6 "Negro" by Langston Hughes p. 484
Who is the speaker here? What comparisons can you make to “My Grandmother Would Rock Quietly and Hum,” which has a very personal, individual speaker? What images caught your attention as you read this poem?

7 A Relevant Quote from Dr. King
“Somebody told a lie one day. They couched it in language. They made everything black ugly and evil. Look in your dictionary and see the synonyms of the word black. It's always something degrading and low and sinister. Look at the word white. It's always something pure, high, and clean. But I want to get the language right tonight. I want to get the language so right that everybody here will cry out: Yes, I'm black! I'm proud of it! I'm black and beautiful!” - Martin Luther King Jr.

8 "In a Station on a Metro" by Ezra Pound p. 536
First, read the poem to yourself. List everything that you see “going on” in the poem. What contrasts are created by these two lines? What associations do you have with the images and the settings? This poem is remarkable for its brevity. How do you think that brevity contributes to the effect of the poem?

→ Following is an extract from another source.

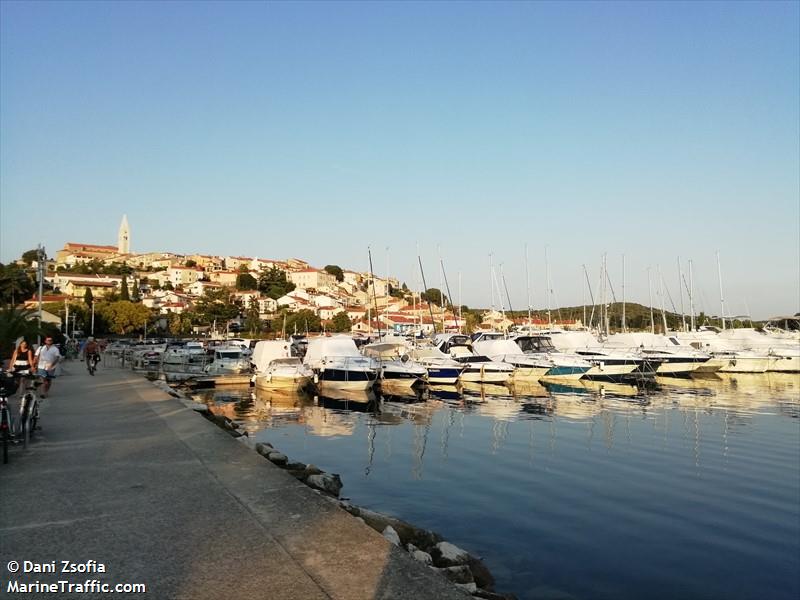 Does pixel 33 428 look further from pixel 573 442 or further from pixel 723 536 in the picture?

9 “Suicide Note” by Janice Mirikitani p. 488
What patterns of imagery do you notice in this poem? What do they tell you about how the speaker views herself? What is the speaker’s attitude about her parents? What reaction do you think the audience is meant to have to this situation? What do you think about the "not good enough" interruptions? Are they meant to be read as part of the actual note? (Notice the lack of capital letters and punctuation.)